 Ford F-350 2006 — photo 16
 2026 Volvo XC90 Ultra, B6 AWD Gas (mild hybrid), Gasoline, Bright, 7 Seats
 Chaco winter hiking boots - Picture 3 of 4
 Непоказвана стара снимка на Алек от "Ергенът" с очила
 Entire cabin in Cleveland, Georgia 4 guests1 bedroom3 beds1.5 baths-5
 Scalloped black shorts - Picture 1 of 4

---*---

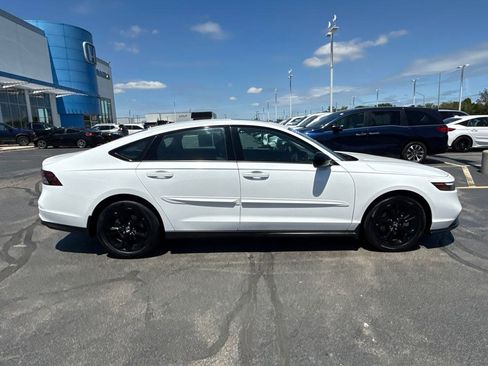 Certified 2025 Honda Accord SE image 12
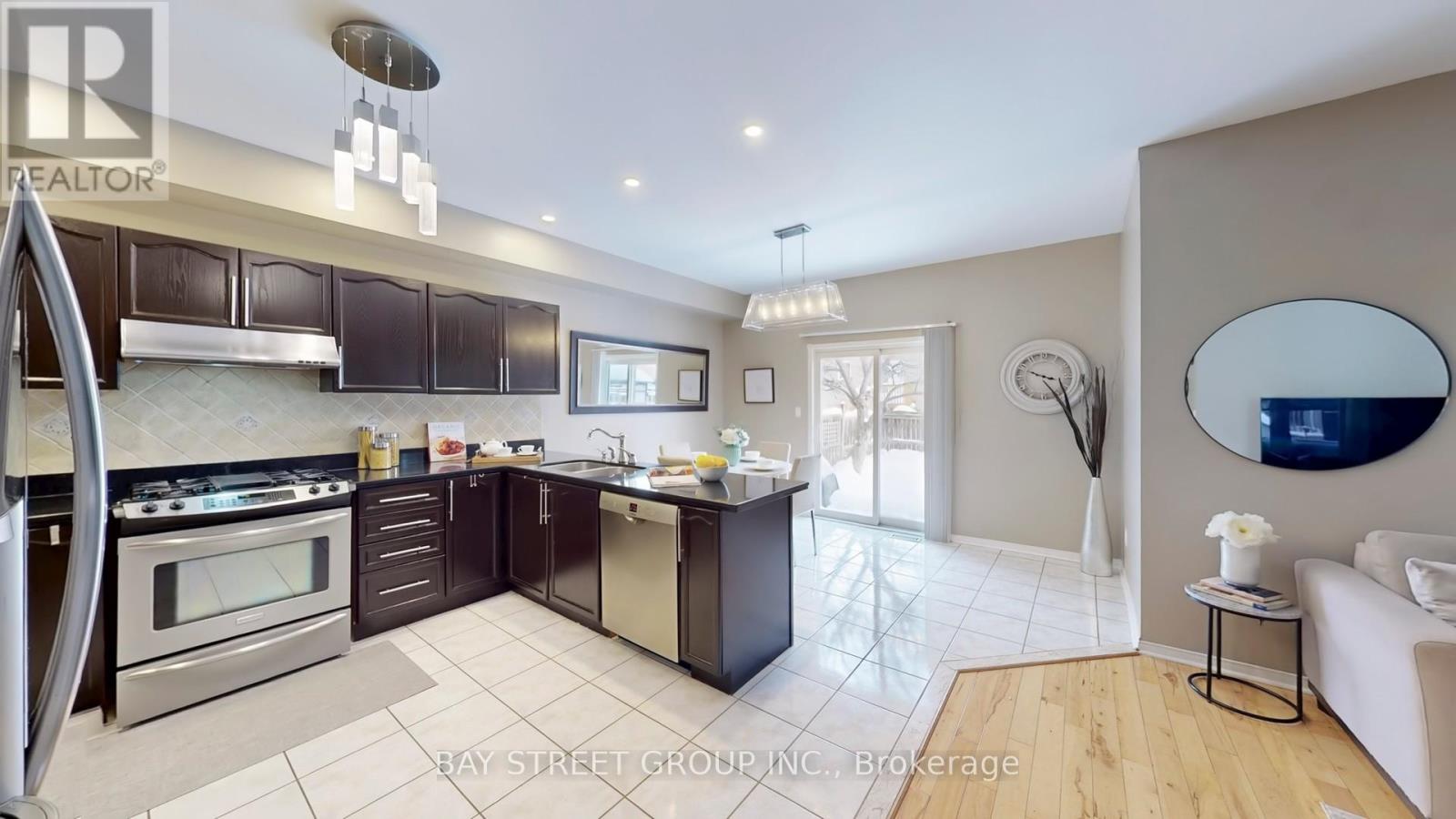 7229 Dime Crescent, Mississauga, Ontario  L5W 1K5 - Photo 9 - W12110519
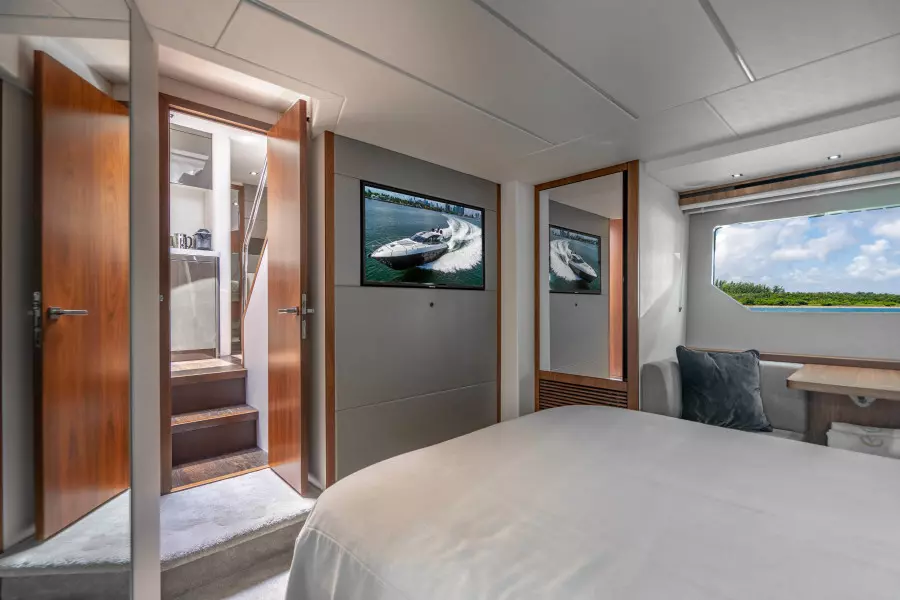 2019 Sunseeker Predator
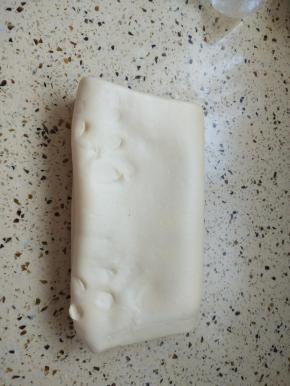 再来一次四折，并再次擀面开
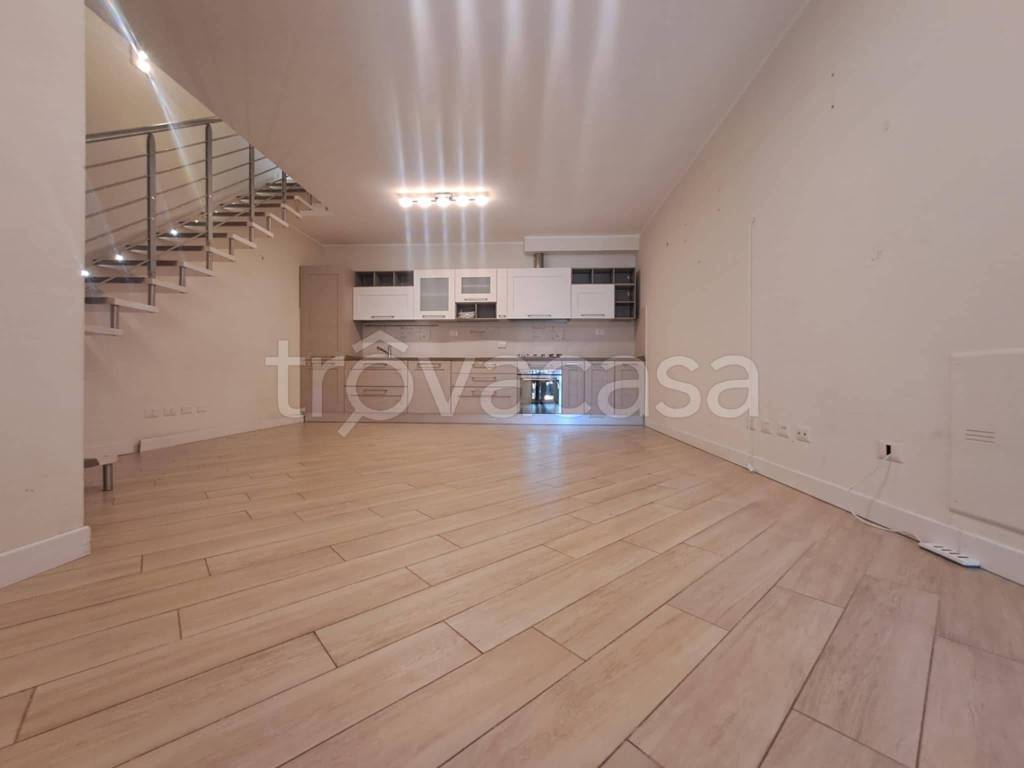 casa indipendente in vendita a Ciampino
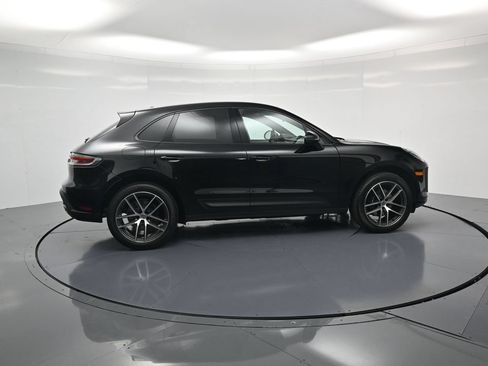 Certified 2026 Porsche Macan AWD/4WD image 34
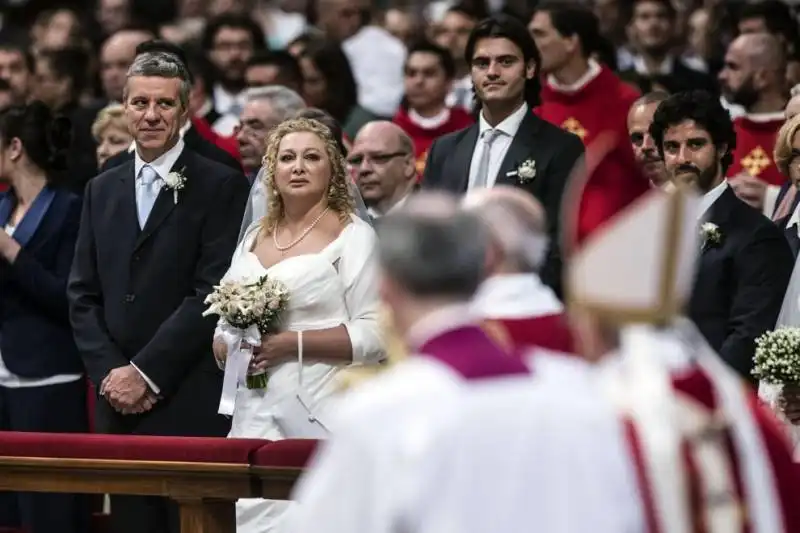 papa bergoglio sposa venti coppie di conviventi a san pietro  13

---*---

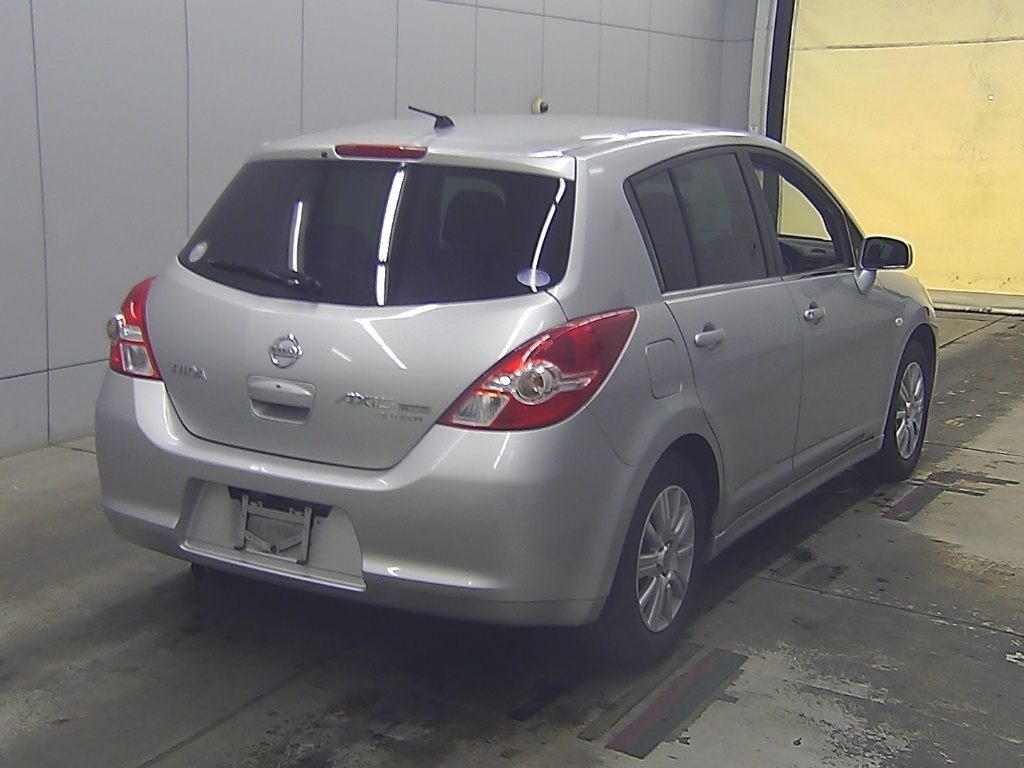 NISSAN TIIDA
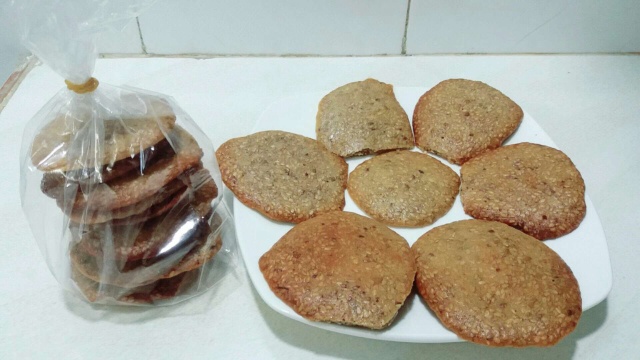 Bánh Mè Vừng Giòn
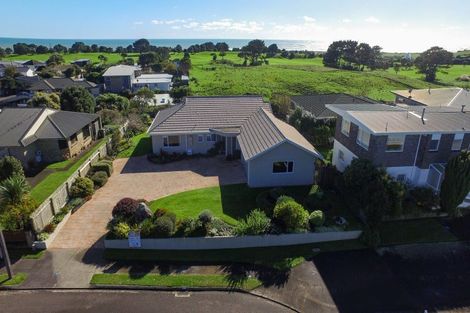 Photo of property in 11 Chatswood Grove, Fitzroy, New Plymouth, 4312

---*---

EXERCISE BRIEF ->
Where in the entries above does the word "Picture" appear? Copy each line that has it.

WRITTEN ANSWER ->
 Chaco winter hiking boots - Picture 3 of 4
 Scalloped black shorts - Picture 1 of 4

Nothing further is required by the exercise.